Water recycling showcases to encourage best practice
"Emerging pollutants in waste water, generated by synthetic material such as drugs and cosmetics, are also bothering environmental experts both home and abroad," according to Yu.
He said that these pollutants are "invisible enemies" which are hard to trace and eradicate in waste water treatment. Once they are discharged into nature, they will be taken in by people via food or water and accumulate in bodies, impacting future generations.
In 1998, Singapore initiated the NEWater project to treat waste water using dual-membrane and ultraviolet technologies in addition to conventional processes, to solve the country's reliance on water imported from Malaysia.
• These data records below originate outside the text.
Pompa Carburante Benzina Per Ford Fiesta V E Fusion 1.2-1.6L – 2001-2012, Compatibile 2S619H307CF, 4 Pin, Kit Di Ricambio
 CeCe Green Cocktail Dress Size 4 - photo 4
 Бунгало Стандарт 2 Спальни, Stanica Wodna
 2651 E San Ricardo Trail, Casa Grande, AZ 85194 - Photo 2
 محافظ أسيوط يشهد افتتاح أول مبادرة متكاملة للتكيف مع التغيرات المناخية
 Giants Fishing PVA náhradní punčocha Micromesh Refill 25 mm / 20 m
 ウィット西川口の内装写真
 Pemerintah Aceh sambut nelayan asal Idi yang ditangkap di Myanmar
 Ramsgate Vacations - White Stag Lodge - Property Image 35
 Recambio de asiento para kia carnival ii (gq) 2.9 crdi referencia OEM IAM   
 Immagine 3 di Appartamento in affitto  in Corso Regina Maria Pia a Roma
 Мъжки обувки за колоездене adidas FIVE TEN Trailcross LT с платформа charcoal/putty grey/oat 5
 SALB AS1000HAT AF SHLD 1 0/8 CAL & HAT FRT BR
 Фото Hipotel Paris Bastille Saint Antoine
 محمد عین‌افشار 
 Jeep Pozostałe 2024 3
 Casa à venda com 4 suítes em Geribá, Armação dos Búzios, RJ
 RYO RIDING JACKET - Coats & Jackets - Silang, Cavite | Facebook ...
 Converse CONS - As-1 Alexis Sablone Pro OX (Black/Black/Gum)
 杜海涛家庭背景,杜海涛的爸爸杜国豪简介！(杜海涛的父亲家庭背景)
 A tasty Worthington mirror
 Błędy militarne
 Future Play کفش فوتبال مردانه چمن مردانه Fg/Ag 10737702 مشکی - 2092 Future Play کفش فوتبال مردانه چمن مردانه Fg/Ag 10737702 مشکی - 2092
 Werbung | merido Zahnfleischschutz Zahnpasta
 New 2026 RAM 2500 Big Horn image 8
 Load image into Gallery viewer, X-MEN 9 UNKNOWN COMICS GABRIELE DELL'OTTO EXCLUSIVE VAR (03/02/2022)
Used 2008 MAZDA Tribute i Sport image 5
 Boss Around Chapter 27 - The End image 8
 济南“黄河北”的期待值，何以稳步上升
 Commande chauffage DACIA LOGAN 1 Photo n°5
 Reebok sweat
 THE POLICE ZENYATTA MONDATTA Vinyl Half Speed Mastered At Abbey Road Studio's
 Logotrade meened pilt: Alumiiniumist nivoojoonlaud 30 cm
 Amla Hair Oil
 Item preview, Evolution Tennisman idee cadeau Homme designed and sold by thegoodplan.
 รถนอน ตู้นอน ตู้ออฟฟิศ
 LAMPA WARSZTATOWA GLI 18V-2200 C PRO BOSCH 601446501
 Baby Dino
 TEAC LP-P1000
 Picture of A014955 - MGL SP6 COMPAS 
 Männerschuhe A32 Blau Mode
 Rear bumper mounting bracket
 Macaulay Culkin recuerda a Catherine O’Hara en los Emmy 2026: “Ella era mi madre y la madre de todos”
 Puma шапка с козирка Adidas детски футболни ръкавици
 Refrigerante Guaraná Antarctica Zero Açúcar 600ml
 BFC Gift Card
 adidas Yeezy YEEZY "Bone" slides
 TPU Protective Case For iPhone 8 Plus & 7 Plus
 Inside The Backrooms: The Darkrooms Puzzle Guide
The project received great responses from the world and wrote a new chapter in turning waste water into drinking water, having profound meaning for global waste water treatment, according to Yu.
"Therefore, we are making efforts to build a concept plant in China to tackle the problems of treating urban waste water, aiming at stricter standards of discharged waste water and lower energy consumption," he said.
The Concept WWTPs' improvements will include increased recycling of resources such as nitrogen and phosphorus, two elements that must be separated from waste water but are needed to add nutrients to fertilizer; while the plan is for the plants to be "community-friendly" near households.
The experts are also in search of methods to fight Yu's "invisible enemies."